Chicago Ensemble provides eclectic program with some rough edges

Wed Apr 30, 2014 at 1:14 pm

By Dennis Polkow

William Walton's Piano Quartet was performed Tuesday night by the Chicago Ensemble.
William Walton’s Piano Quartet was performed Tuesday night by the Chicago Ensemble.

There is always a domestic quality to Chicago Ensemble concerts, a reminder of the days when chamber music filled homes more than concert halls.

Not only are there foodstuffs to fortify the audience along with the music, but founder and pianist Gerald Rizzer acts as an affable host, offering verbal introductions before each of the pieces.

Tuesday night’s performance in Fourth Presbyterian Church’s Buchanan Hall was typical of the innovative programming we have come to expect from the Chicago Ensemble. Who else would present pieces by Max Reger and William Walton on the same program?

As Rizzer indicated in his remarks, Reger is part of the generation after Brahms and Wagner but unlike say, Mahler or Richard Strauss who followed Wagner, Reger was more steeped in the Brahms lineage. His music was once frequently found on concert programs, but not so much today.

Reger’s Serenade for flute, violin and viola, Op. 141a, comes across as a late Romantic homage to Mozart on steroids. There are also moments of polyphony in these three movements that mirror Reger’s fascination with Bach — he was also an organist and taught in Leipzig — along with touches of Mendelssohn. Violinist Olga Dubossarkaya Kaler and violist Karl Davies performed with a rather robust sound, and flutist Susan Levitin floated on top of the sonority with aplomb.

Beethoven’s Trio in E-flat Major, Op. 38, is the composer’s own arrangement of his Septet, Op. 20, written for his doctor. Three winds and four strings have been reduced to clarinet, cello and piano with remarkable economy and clarity and allowed clarinetist Elizandro Garcia-Montoya, cellist Andrew Snow and Rizzer a chance for individual expressivity that each seemed to relish. There was a false start before the Minuet and some key notes of the piano’s upper register sounded out of tune, but the Adagio cantabile that preceded it was performed with grace and beauty.

Ronn Yedidia’s Black Snow for flute, clarinet and piano was the winner of the Chicago Ensemble’s first score contest, done in 1992 for the 500th anniversary of Columbus’ expedition to the New World.

Composed in 1987 when Yedidia was still a student at Juilliard, the piece makes use of movements popular at the time, including minimalism and ambient music, but offers an imaginative take on them, particularly being more chromatic and harmonically adventurous than was common in those styles.

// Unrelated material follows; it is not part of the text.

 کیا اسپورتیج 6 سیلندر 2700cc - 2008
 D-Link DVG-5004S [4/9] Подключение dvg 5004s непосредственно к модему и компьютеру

Here, too, there was a false start at the beginning of the middle section, but unlike the Beethoven where recovery occurred without a word, there was a complete breakdown in the performance. Rizzer indicated a return to the start of the work before continuing on; the first section was more confidently rendered the second time around.

The Walton Piano Quartet from 1921 reflects Walton’s fascination with Ravel and often comes off as Anglicized Impressionism. Much of the piece is in the Dorian mode, which is used to spin out melodies that are leaning towards the British folk sound that would characterize many of Walton’s later works.

The third movement makes use of the pentatonic scale and was nicely nuanced and restrained. The strings have a chance to sustain lines at the edge of their ordinary range, rendered with sensitivity and skill, before the Dorian mode returns for the finale’s frantic fugue.